### TRY IT
In your copy, leave out the pictures; write out all the data exactly.

[Stored items from a collection]
= Beginning of Section =

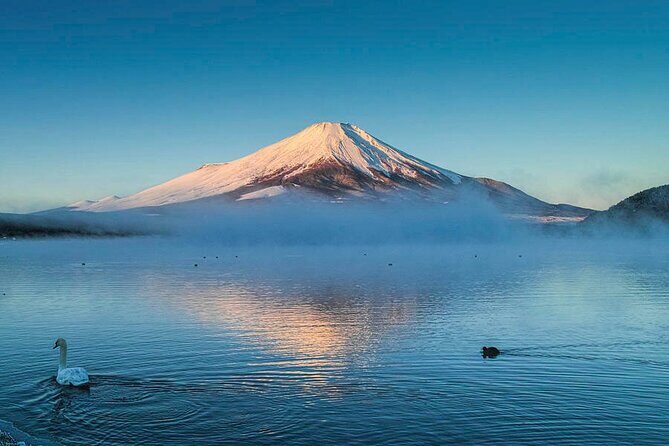 Mt Fuji Twin Lakes Maple Festival Night Lights Tour - FAQ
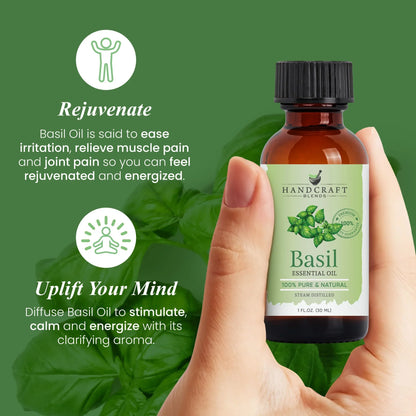 Hand holding bottle of basil essential oil, basil leaves background, green wellness banner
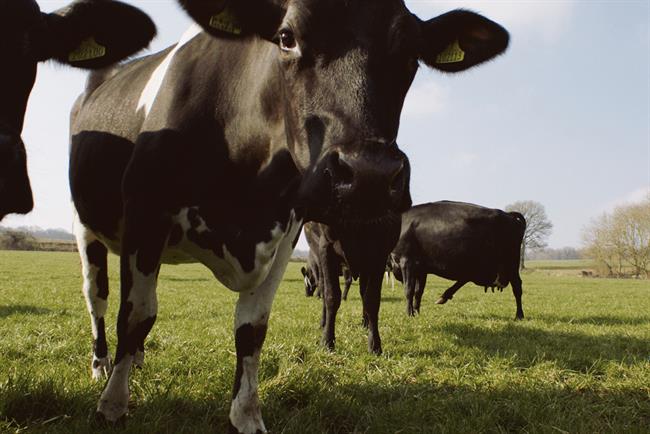 'Waitrose Spring' storms Outdoor Media Awards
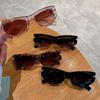 Cat Eye Sunglasses Men Women Fashion Irregular Gradient Eyewear Stylish Glamour Female Sun Glasses Trend Cat Eye Shades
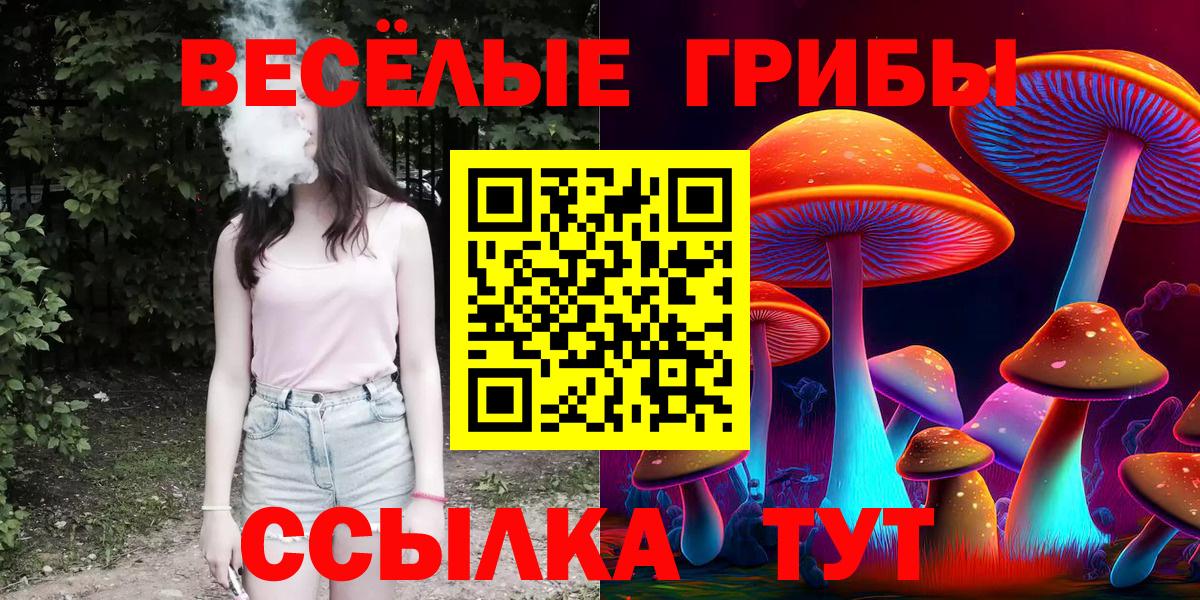Галлюциногенные грибы MAGIC MUSHROOMS Канаш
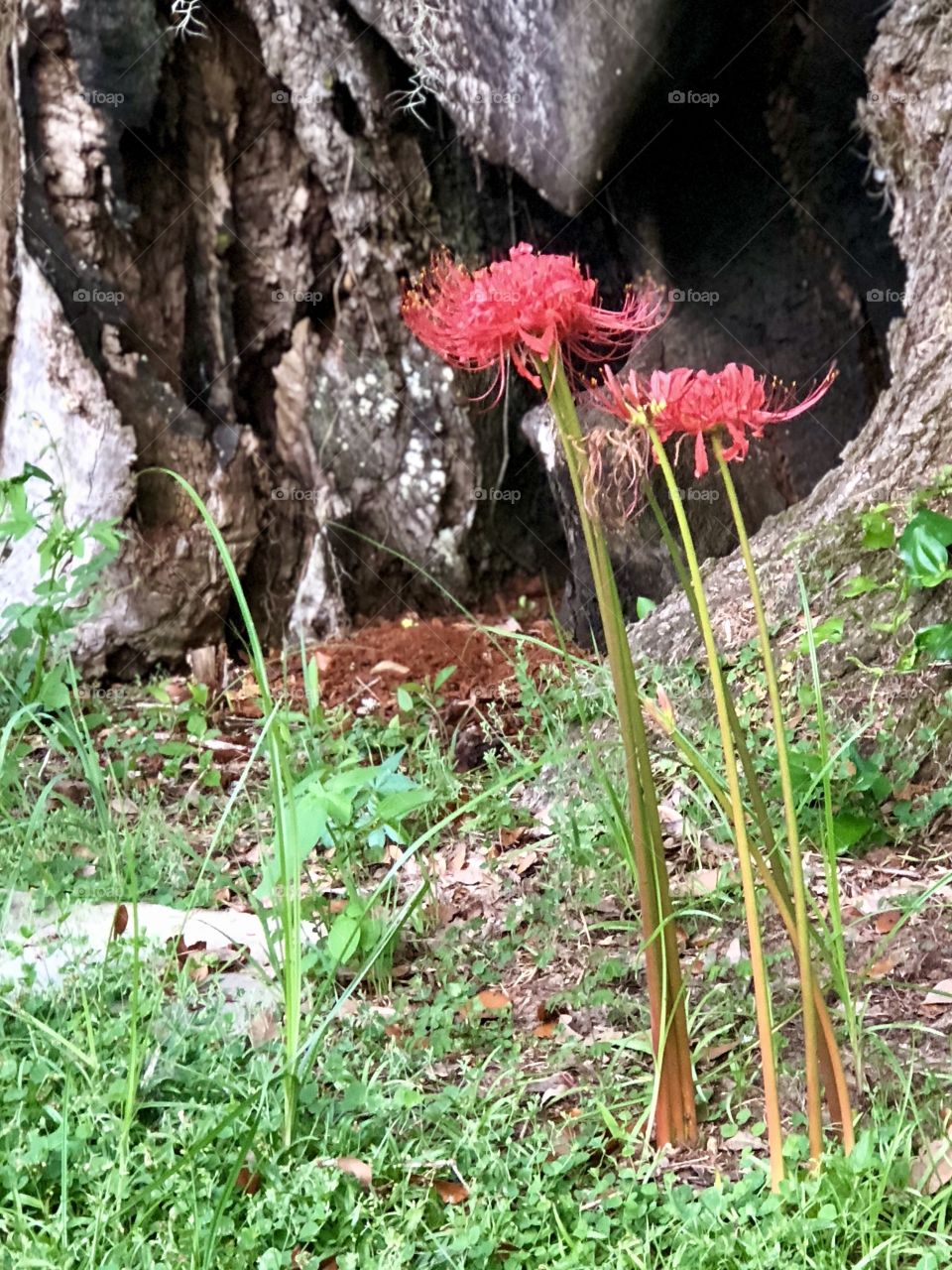 Spider lily flowers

= End of Section =

### ANSWER SPACE
 Mt Fuji Twin Lakes Maple Festival Night Lights Tour - FAQ
 Hand holding bottle of basil essential oil, basil leaves background, green wellness banner
 'Waitrose Spring' storms Outdoor Media Awards
 Cat Eye Sunglasses Men Women Fashion Irregular Gradient Eyewear Stylish Glamour Female Sun Glasses Trend Cat Eye Shades
Галлюциногенные грибы MAGIC MUSHROOMS Канаш
 Spider lily flowers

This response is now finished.